Provided data =>
========

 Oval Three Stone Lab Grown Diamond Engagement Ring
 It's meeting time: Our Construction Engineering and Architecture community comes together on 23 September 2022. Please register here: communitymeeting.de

========

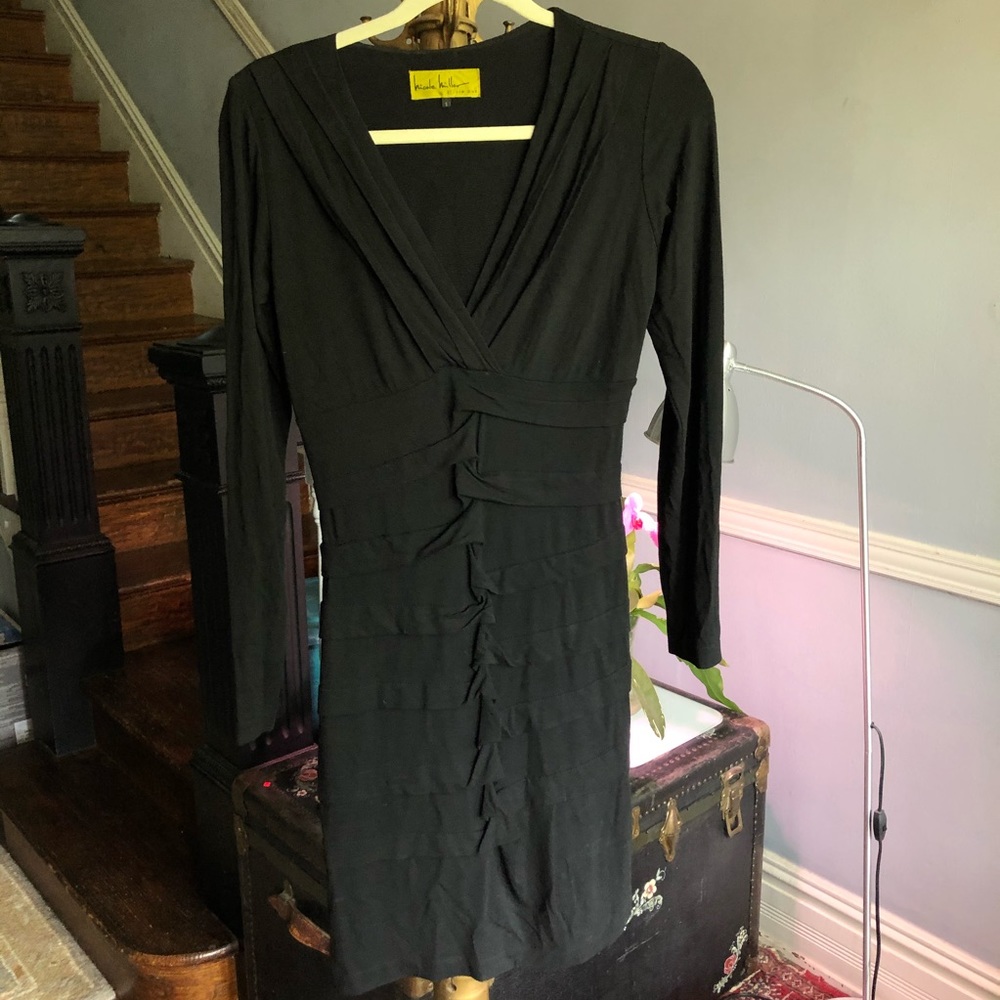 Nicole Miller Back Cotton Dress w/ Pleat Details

========

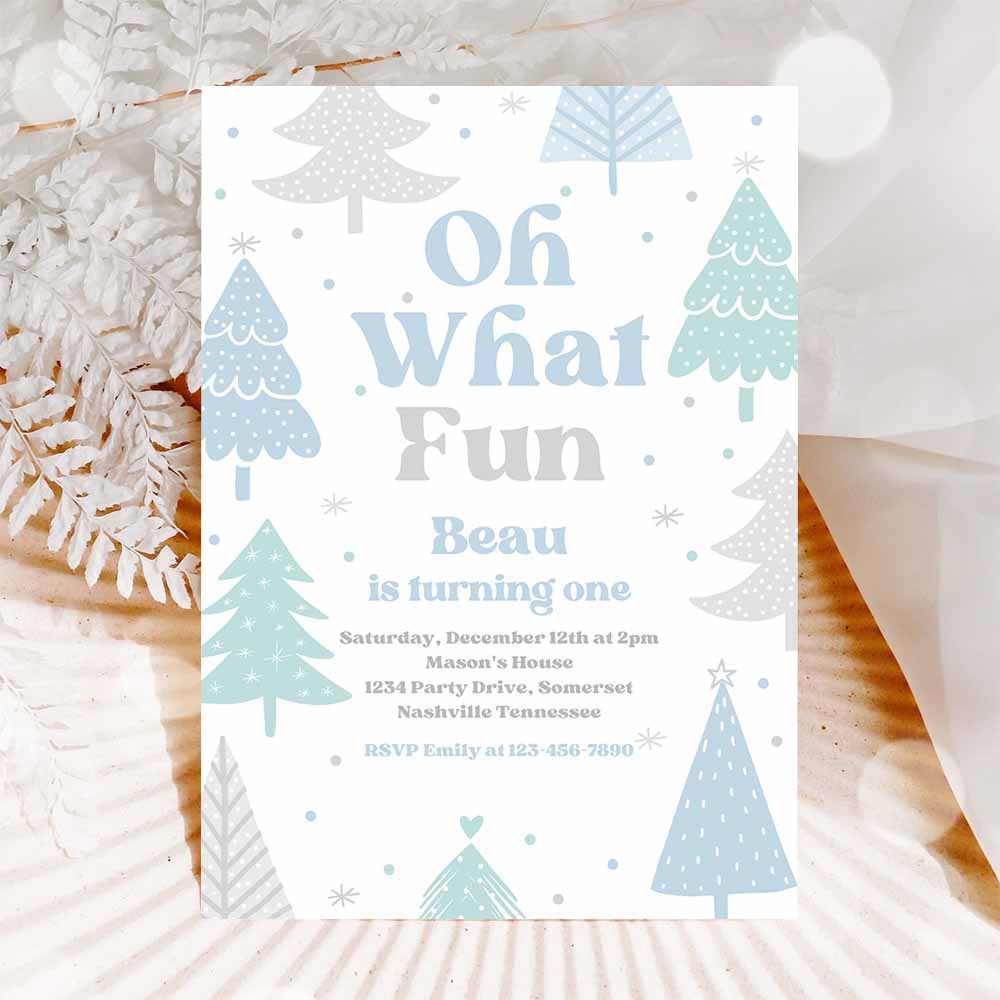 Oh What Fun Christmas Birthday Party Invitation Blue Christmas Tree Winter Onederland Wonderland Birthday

========

Work request =>
Once you reach the line with "Oval Three Stone" in the data above, copy it and every line after it exactly, up to and including the line with "It's meeting time: Our".

Answer space =>
 Oval Three Stone Lab Grown Diamond Engagement Ring
 It's meeting time: Our Construction Engineering and Architecture community comes together on 23 September 2022. Please register here: communitymeeting.de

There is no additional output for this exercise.